Isaac will remain home schooled for 2nd semester of his senior year and it's going to be an intense semester as we pick up a few loose ends and move forward to get him graduated. He has been healing from some depression issues last spring and into the summer and Fall. It has been a very challenging season around here, but can I just say? It is great to have him back in a healthier place. We are still working on some things, but oh my. Life is definitely better.
Peter is doing well over all. But, finances are very tight. He has 2 interesting opportunities possibly popping up in January. We do not know how they will land yet, but God is up to something. So stay tuned and KEEP PRAYING!
And, I'm not sure I should say it publicly but maybe that will be a motivator for me, I'm thinking about finally getting that book written this spring. While Lucas is in school, Isaac is working hard...I'm thinking now may be the time to FINALLY do it.
I do have to say that God is Providing. Sometimes I don't understand how or why, but He has definitely seen us through 2012 and the future is looking good.
We will continue to Praise Him for all He has done.
Yesterday, Lucas had a little surgery. And apparently I should have let people know about it. I'm not making excuses here but Peter and I just had a very funny conversation about it.
First, the surgery was to remove some plates in his knees that were placed in September 2011 when he had his amputation surgery. The purpose of them was to slow bone growth on the inside of his knees so the outer regions could continue to grow and convince his bowed out knees to realign themselves. The growth has happened in the manner in which the doctor is pleased so it was time for them to come out. He said we may have to revisit this again in the future as he grows, but for now it is good.
I didn't reallly think about it as being a big deal. Pop out the plates and we are on our way--outpatient surgery. Yes it is still surgery, I get that, but in comparison to other things, we just didn't view it as "a big deal". So after Lucas and I got settled at the hospital, it dawned on me that maybe friends and relatives should know about this. No joke, that is when it really hit me. So I started taking pictures and asking for prayer and posting it on Facebook. That is when I realized "Inquiring Minds Want to Know". The responses and shock I got from people that he was having surgery, showed me I probably should have had this information out there sooner.
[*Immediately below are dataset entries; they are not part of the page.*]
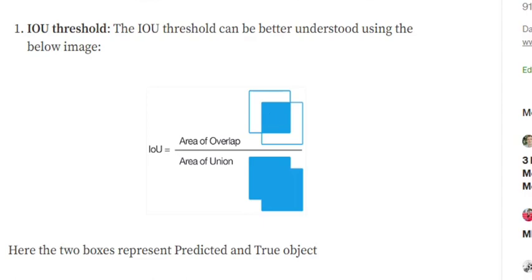Greater the IOU, better is the prediction. This makes sense because if the intersection is very high, this means that the boxes are almost overlapping each other and the area of overlap would be almost similar to area of union. If the prediction is very poor, then the area of overlap would be very low, hence the entire IOU value would be very low.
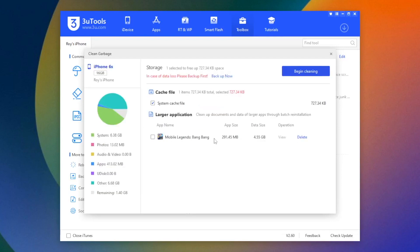Then select temporary files and app junk files, and click Begin cleaning.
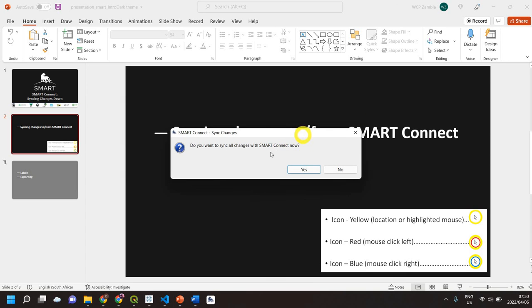It will then ask me to sync all changes and I can say yes to be able to do that. Cool, hope that helps.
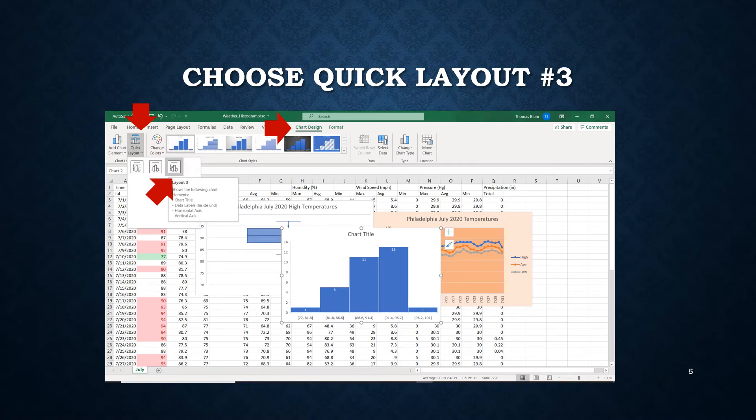Toward our design of the histogram we're going to choose quick layout number three. Make sure the histogram is highlighted so the chart-related options are available on the menu. At the top in the middle you'll see Chart Design, and over to the left is the quick layout drop-down list — from that list we choose layout number three.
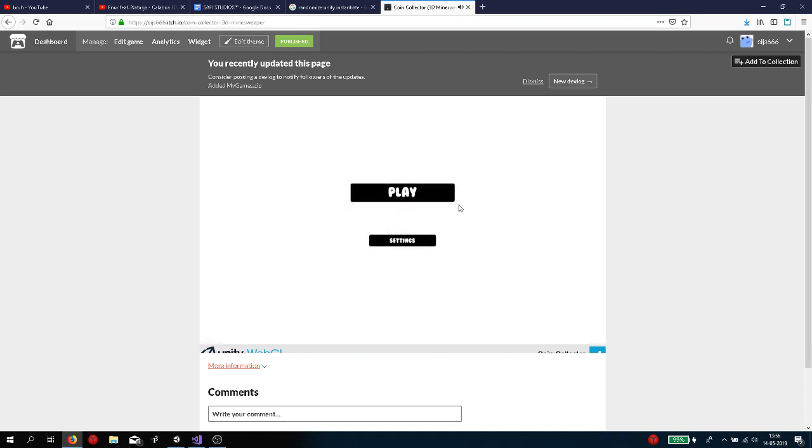Basically, this game is called CoinCollector 3D Minesweeper. I created the background music that you're listening to right now. I actually made a video about it, so go check that out on the channel.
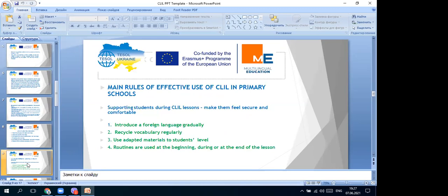Now some tips for preparing lessons with the CLIL approach - the main rules of effective use of CLIL in primary schools. Supporting students during CLIL lessons makes them feel secure and comfortable. The first rule of effective use is to introduce a foreign language gradually. Sometimes it's difficult to communicate with small children in another language, so you may need to take a step back and give them some easy vocabulary and easy topics to motivate them and make them feel interested in following lessons.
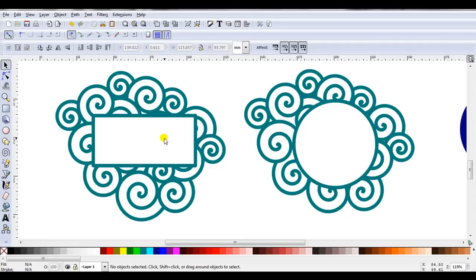So if you'd like to create projects like this for your cutter, open Inkscape and give it a try. Thank you.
So, back to the conversation with Peter this morning. I told him even relatives were saying "What surgery"? I got a phone call from my sister last night .. "I didn't know that was today". OOps!
Peter had the most classic comment of all however, when he said,
"It's not like he had his feet cut off or something."
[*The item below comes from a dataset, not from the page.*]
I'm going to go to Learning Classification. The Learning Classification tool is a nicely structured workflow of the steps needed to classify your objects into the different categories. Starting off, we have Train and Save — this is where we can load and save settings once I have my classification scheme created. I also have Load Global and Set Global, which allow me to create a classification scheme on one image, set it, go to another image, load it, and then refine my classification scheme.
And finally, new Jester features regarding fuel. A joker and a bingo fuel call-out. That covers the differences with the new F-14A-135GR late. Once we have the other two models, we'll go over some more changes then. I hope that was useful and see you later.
I think this is all born out of a matter of perspective. We've walked a child through cancer treatment and death. We've walked this child through amputation surgery. We have been walking through some teen challenges. So this all just seemed like "no big deal".
Unfortunately, I need to be a little more compassionate apparently, because Lucas has been in a little more pain than I had expected. In fact they gave us Oxycodone for the pain. Hmmmmm. He had to take it last night and this morning he woke up hurting. I know he will be up-and-at-'em soon. But, the biggest lessons I learned?
1. let people know ahead of time (for prayer if nothing else)
2. no surgery is "minor"--it's still surgery and I should realize it may hurt.
(I was going to share some pics with you but apparently I've bumped into a ceiling with Google and my photo albums. Need to inquire further and don't have time for that right now.)
One of the most precious, though possibly drug induced, things Lucas said yesterday happened as we were pulling away from the hospital. He was happy to be going home and started rambling...
"I'm so glad you adopted me and you are my mom and you take good care of me and give me food."
then he fell asleep =)
So my apologies to those who felt left out of the loop yesterday. I know soon he will be running around like a crazy man and this little blip will be over. Thank you for your prayers and caring about our family once again.